◆ **What you need to do**
Using the records below, transcribe word for word the stretch from the line that contains "user devices have" through the line that contains "soon as possible.", both end lines included, and nothing else.

Dataset items:

=== Section Start ===

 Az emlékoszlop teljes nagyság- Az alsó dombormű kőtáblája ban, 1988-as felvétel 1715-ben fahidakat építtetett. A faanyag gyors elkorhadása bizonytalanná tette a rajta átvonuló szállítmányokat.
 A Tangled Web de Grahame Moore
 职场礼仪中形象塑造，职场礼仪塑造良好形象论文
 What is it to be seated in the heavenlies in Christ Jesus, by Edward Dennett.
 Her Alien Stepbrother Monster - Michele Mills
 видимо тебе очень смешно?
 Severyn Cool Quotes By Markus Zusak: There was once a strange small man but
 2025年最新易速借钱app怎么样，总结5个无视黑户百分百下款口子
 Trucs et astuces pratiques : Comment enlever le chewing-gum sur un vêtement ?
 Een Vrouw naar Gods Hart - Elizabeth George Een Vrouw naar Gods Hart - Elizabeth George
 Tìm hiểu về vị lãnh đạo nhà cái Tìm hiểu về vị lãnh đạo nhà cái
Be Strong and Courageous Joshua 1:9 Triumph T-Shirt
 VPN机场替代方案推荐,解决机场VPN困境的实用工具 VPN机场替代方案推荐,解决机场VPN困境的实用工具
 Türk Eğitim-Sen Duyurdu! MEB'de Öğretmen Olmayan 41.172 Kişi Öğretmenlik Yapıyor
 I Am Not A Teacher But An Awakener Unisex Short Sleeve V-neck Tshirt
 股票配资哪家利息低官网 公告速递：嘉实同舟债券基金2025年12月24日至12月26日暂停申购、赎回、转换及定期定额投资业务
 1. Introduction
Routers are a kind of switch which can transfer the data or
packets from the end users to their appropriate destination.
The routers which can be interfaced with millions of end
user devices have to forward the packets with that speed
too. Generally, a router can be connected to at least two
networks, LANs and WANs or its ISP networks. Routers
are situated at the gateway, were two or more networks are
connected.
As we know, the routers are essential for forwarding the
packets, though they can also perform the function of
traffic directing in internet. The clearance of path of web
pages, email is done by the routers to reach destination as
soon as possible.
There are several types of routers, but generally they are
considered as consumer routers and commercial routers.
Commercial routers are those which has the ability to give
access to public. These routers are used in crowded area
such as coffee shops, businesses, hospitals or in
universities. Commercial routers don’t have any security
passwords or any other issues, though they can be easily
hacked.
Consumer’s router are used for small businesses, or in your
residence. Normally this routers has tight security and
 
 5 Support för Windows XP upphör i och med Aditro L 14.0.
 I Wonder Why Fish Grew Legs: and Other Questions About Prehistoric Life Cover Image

=== Section End ===

◆ **Answer to this exercise**
user devices have to forward the packets with that speed
too. Generally, a router can be connected to at least two
networks, LANs and WANs or its ISP networks. Routers
are situated at the gateway, were two or more networks are
connected.
As we know, the routers are essential for forwarding the
packets, though they can also perform the function of
traffic directing in internet. The clearance of path of web
pages, email is done by the routers to reach destination as
soon as possible.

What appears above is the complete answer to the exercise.